- **Work instructions**: No pictures should appear in the copy. Reproduce exactly the lines from the one containing "Siberian Husky DOG" through the end of the material below.
--- Provided data Enclosed Below ---
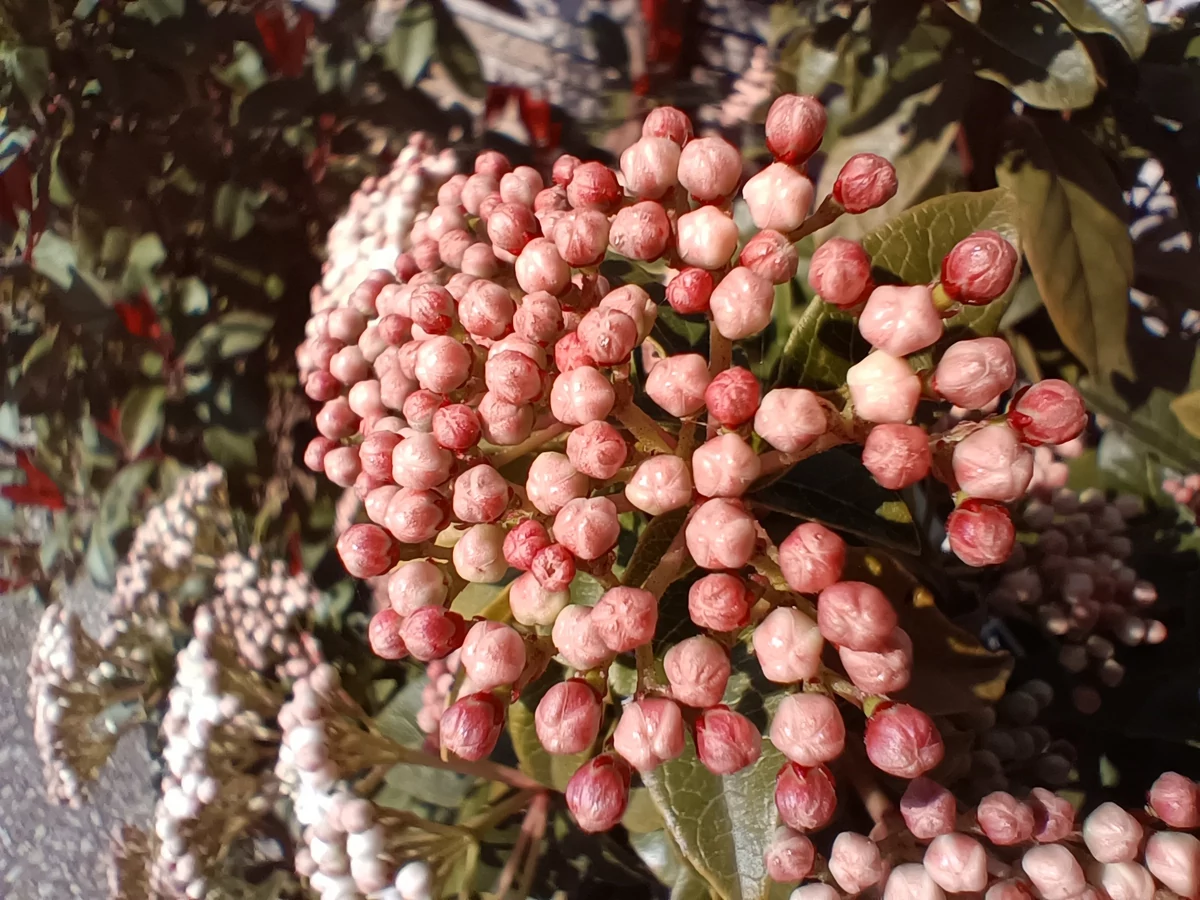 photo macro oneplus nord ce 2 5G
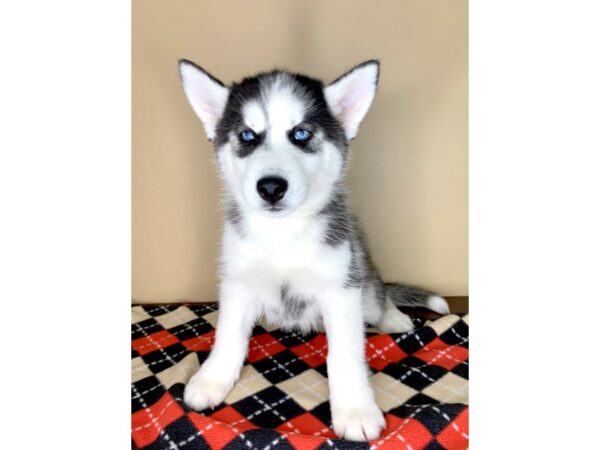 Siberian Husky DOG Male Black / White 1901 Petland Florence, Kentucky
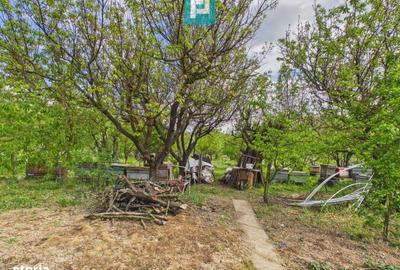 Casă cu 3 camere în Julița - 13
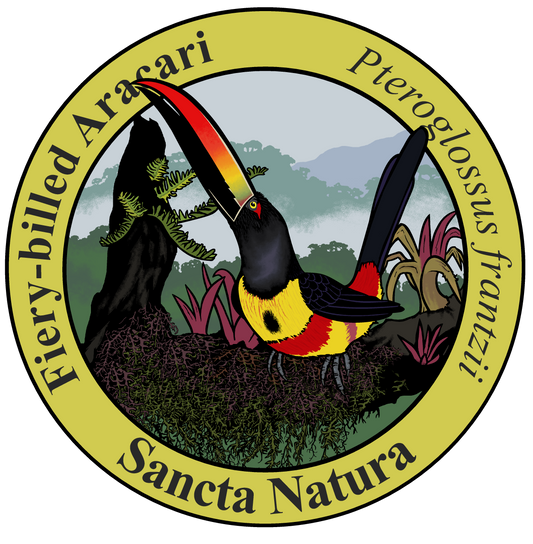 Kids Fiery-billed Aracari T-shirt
--- End of Enclosed Provided data ---
- **Response area**:
 Siberian Husky DOG Male Black / White 1901 Petland Florence, Kentucky
 Casă cu 3 camere în Julița - 13
 Kids Fiery-billed Aracari T-shirt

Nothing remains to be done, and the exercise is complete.